Son estimaciones que sobre los llamados mecanismos adicionales de financiación y en base a informes publicados por el Ministerio de Hacienda acaba de hacer para Fedea (Fundación de Estudios de Economía Aplicada),  uno de los mayores expertos en la materia, el profesor Ángel de la Fuente. 
La distribución territorial ha resultado muy desigual. Cataluña y Valencia han sido las más beneficiadas, de forma que en números redondos la Generalidad catalana debe a la Hacienda central 58.000 millones de euros y la valenciana, casi 39.000. Entre ambas, más de la mitad del total autonómico. 
Si a ello se suma lo que Andalucía y Castilla-La Mancha  adeudan (21 por ciento del total), resultaría que tres cuartas partes del dinero y del coste del rescate se centraría en una cuarta parte de los Gobiernos regionales. 
Galicia, por su parte, es una de las pocas comunidades que durante algunos ejercicios no echó mano de los mecanismos adicionales públicos de financiación. No lo hizo con anterioridad a la crisis, y sí a partir de 2015. Como comunidad cumplidora que es, vía Fondo de Facilidad Financiera (FFF) recibirá en este cuarto trimestre 21,21  millones de euros.
Comentando todas estas cifras, el catedrático y director del Grupo de investigación económica GEN de la Universidad de Vigo, Santiago Lago Peñas, ha escrito que tales rescates suponen algo extraordinario que toca normalizar lo antes posible. A su juicio, deforman el sistema de financiación autonómica e introducen incentivos perversos en las decisiones de los Gobiernos autonómicos.

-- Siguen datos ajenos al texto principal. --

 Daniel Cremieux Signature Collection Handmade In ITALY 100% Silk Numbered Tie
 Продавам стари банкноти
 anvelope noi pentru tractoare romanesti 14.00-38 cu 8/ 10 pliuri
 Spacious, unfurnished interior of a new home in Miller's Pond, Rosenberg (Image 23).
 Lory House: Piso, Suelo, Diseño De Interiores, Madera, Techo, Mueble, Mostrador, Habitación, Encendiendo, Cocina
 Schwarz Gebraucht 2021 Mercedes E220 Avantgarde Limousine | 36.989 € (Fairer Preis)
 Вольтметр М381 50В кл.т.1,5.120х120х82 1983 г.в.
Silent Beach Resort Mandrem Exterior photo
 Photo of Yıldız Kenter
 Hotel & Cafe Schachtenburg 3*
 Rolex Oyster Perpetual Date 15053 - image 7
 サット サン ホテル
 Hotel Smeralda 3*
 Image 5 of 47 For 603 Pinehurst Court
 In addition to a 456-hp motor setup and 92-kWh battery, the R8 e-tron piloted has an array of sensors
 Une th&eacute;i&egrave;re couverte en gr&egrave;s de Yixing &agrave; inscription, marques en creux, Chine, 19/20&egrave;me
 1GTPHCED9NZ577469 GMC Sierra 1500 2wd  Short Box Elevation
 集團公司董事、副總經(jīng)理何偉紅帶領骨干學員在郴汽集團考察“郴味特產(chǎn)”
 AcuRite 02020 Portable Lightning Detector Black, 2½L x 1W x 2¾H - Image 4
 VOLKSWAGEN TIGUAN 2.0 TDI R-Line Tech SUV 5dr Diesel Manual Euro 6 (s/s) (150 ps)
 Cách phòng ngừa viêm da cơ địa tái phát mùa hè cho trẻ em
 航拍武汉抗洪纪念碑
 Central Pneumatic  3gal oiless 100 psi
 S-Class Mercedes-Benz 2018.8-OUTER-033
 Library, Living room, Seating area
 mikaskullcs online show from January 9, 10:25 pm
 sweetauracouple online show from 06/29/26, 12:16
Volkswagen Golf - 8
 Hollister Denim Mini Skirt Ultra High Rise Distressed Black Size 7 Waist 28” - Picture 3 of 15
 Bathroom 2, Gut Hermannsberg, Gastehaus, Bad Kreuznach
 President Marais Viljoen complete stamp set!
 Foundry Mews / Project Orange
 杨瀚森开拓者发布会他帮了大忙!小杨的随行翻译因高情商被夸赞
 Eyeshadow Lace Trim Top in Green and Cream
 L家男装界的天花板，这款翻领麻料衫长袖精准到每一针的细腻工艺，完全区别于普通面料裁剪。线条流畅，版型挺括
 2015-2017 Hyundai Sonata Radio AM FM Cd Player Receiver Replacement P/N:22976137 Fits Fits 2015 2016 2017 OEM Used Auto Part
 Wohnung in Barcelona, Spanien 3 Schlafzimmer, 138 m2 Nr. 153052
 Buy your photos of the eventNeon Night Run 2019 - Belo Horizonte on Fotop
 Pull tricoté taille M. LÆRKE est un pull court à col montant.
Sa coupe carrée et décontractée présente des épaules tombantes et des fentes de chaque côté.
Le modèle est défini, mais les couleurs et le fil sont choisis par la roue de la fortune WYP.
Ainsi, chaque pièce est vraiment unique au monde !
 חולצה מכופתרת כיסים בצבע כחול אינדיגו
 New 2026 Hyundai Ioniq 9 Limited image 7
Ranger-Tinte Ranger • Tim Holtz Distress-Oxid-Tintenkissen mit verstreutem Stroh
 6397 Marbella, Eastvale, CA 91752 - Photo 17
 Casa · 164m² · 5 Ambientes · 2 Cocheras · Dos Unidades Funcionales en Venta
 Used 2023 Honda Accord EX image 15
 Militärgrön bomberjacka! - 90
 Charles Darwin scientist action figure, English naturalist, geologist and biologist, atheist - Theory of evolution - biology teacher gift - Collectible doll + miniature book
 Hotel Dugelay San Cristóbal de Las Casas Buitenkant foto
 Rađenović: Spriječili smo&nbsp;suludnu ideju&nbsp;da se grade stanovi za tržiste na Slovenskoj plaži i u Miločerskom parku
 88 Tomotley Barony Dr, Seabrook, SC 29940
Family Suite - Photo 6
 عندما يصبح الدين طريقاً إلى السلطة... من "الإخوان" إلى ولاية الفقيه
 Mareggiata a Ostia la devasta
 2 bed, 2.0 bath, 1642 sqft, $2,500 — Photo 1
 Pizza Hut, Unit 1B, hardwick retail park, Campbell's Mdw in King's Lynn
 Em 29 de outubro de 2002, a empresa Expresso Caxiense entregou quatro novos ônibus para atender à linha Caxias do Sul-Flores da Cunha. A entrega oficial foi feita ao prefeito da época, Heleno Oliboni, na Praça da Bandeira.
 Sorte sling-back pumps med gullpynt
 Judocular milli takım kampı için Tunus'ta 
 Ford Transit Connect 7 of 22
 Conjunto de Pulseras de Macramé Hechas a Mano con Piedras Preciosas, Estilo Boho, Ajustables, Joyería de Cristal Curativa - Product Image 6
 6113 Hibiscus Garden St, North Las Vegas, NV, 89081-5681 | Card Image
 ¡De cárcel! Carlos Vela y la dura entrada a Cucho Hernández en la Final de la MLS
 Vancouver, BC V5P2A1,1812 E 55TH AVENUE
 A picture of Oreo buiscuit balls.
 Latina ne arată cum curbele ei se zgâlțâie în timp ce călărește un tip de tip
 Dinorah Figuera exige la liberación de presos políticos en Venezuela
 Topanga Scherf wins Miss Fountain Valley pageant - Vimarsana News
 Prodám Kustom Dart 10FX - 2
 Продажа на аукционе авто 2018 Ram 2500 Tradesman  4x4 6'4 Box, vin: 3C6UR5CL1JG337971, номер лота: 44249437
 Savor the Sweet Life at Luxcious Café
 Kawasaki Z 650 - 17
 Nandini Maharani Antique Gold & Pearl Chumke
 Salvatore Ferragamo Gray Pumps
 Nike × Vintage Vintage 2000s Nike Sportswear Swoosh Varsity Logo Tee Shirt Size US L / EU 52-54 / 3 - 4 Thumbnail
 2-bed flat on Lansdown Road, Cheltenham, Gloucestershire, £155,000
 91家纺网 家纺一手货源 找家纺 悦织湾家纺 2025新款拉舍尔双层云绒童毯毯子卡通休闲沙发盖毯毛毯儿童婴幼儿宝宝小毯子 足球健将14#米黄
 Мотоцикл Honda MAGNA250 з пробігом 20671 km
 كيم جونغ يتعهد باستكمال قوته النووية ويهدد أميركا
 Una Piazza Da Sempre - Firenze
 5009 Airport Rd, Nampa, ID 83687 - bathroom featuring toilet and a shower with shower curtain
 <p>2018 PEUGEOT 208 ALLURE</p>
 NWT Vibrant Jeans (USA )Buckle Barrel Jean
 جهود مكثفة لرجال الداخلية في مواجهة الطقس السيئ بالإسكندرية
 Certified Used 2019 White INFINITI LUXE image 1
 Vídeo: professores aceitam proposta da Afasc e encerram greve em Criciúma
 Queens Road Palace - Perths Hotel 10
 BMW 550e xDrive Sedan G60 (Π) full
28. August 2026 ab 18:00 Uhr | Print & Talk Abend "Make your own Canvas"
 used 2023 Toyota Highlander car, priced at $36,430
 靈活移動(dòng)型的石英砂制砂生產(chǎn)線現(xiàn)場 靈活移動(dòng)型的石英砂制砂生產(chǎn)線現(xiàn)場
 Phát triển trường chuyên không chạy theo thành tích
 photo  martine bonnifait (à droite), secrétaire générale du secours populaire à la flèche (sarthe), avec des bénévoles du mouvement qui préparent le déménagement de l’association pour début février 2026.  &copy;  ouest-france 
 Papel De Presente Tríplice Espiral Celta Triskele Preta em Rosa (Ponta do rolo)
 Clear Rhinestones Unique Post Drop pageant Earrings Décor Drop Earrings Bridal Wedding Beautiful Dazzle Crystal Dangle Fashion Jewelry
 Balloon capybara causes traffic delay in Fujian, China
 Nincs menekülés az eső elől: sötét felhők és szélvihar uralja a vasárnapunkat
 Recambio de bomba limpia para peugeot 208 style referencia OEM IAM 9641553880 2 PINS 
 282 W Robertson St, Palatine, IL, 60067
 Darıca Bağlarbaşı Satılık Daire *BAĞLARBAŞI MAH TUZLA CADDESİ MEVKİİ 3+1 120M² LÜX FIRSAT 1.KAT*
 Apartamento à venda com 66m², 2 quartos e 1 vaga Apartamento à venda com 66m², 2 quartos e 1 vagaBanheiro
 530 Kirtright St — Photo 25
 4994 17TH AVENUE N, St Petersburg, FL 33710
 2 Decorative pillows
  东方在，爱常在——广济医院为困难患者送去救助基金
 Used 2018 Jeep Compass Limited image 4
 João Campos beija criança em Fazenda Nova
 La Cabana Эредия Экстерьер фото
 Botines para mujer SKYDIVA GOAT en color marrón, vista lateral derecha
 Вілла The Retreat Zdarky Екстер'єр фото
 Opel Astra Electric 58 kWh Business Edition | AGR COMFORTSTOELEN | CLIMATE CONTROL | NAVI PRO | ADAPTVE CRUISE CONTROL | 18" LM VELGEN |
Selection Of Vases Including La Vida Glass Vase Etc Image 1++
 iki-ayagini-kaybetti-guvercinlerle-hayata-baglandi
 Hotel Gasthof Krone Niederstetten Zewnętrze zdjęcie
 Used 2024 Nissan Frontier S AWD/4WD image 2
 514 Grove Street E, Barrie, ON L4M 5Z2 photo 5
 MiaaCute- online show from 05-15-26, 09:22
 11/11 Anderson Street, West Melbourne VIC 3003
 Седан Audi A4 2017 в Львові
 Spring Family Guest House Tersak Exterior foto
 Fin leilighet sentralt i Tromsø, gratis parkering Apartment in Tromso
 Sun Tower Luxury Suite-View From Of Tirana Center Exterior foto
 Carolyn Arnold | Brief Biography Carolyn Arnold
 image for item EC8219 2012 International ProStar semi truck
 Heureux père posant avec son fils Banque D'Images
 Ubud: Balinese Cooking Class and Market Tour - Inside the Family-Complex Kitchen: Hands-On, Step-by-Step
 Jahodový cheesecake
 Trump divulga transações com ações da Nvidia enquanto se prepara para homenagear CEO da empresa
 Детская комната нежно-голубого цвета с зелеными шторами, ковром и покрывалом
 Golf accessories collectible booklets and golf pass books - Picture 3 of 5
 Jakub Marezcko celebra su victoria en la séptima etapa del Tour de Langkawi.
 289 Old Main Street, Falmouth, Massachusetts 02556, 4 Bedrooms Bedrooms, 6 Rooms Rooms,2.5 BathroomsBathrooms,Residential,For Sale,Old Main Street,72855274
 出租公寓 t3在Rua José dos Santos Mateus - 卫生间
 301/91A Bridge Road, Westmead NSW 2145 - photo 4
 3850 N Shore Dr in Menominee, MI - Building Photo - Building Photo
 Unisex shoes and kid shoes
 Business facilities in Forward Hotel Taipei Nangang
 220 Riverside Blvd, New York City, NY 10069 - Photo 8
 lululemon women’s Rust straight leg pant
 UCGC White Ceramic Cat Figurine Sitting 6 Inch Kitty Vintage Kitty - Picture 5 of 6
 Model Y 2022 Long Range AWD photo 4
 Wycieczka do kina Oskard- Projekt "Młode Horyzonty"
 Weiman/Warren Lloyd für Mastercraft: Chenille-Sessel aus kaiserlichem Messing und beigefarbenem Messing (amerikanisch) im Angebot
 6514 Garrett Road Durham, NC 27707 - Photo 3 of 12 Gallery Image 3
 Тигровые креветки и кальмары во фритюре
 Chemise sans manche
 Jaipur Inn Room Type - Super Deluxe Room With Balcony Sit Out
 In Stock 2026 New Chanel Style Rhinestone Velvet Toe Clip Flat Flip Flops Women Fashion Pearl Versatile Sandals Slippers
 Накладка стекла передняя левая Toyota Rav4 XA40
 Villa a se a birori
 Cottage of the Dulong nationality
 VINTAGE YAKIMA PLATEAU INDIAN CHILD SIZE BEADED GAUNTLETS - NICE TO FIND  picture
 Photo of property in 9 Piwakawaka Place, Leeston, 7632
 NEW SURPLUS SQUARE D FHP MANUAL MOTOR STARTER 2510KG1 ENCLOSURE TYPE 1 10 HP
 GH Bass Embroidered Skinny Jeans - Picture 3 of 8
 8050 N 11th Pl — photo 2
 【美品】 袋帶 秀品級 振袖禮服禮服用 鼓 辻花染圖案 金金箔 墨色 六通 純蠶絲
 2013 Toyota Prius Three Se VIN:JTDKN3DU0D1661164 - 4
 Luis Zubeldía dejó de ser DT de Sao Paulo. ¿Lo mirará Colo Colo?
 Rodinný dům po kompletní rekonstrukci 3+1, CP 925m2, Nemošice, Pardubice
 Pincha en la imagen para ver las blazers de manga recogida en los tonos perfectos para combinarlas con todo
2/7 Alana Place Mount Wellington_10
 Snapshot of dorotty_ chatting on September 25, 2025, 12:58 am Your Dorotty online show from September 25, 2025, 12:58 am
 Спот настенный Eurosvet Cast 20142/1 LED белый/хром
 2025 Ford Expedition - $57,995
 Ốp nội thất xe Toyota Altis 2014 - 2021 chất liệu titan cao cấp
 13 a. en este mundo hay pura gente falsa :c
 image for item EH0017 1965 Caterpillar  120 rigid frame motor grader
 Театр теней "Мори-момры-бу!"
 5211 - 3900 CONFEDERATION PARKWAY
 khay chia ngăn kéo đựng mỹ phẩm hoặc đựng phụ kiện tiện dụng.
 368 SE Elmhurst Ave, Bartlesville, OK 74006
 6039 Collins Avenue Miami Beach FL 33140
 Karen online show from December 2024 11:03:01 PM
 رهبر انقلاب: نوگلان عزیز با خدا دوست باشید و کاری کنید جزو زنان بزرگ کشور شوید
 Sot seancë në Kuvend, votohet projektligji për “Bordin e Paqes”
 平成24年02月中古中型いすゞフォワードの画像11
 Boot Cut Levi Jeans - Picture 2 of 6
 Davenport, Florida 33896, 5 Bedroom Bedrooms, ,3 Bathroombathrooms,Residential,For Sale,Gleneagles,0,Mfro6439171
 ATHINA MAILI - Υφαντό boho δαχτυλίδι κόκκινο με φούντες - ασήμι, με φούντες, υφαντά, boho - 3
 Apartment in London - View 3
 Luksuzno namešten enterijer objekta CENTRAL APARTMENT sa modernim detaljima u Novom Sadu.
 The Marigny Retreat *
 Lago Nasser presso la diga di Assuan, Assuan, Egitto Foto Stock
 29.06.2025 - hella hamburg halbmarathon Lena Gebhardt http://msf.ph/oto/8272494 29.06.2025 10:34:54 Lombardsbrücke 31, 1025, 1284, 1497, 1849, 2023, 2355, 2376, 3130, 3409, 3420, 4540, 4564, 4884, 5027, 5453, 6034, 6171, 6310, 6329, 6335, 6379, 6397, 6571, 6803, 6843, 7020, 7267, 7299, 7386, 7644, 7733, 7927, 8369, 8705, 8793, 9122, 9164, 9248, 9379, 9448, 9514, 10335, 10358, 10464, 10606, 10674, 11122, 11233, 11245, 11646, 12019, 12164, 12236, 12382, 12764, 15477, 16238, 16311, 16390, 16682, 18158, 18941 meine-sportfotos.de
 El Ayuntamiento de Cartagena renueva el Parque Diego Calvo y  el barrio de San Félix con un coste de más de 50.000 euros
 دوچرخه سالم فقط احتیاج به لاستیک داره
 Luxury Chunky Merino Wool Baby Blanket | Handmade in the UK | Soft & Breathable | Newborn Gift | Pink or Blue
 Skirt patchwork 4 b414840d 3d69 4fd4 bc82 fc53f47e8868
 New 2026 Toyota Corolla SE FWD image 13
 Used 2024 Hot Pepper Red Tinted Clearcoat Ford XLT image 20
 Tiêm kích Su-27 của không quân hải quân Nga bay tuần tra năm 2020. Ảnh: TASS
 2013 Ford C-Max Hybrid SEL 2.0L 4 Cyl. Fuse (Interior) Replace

Habría que terminar con ellos –concluye- de forma ordenada y escalonada sin generar sensación de agravios comparativos. Entiende que las comunidades autónomas no deberían seguir aumentando años tras año su saldo deudor y, en todo caso, que deberían financiarse íntegramente en los mercados. Mucho me temo que predique en el desierto.
Como el presidente valenciano, el socialista Ximo Puig, es quien más se queja de infrafinanciación, cada vez que en estas vísperas electorales Pedro Sánchez viaja a aquellas tierras – y no son pocas- promete solemnemente poner al día el viejo y vigente modelo  ordinario de financiación de las comunidades de régimen común, que data de finales de 2009 y que ya debería haberse revisado hace tiempo. 
Pero son tantas y sobre todo tan diversas las necesidades de tan diferentes comunidades autónomas, que encajar todas las aspiraciones supone un complejo y poco menos que irresoluble sodoku. Por mucho empeño que se ponga, no poca voluntad política, tiempo y esfuerzo  llevará la reforma.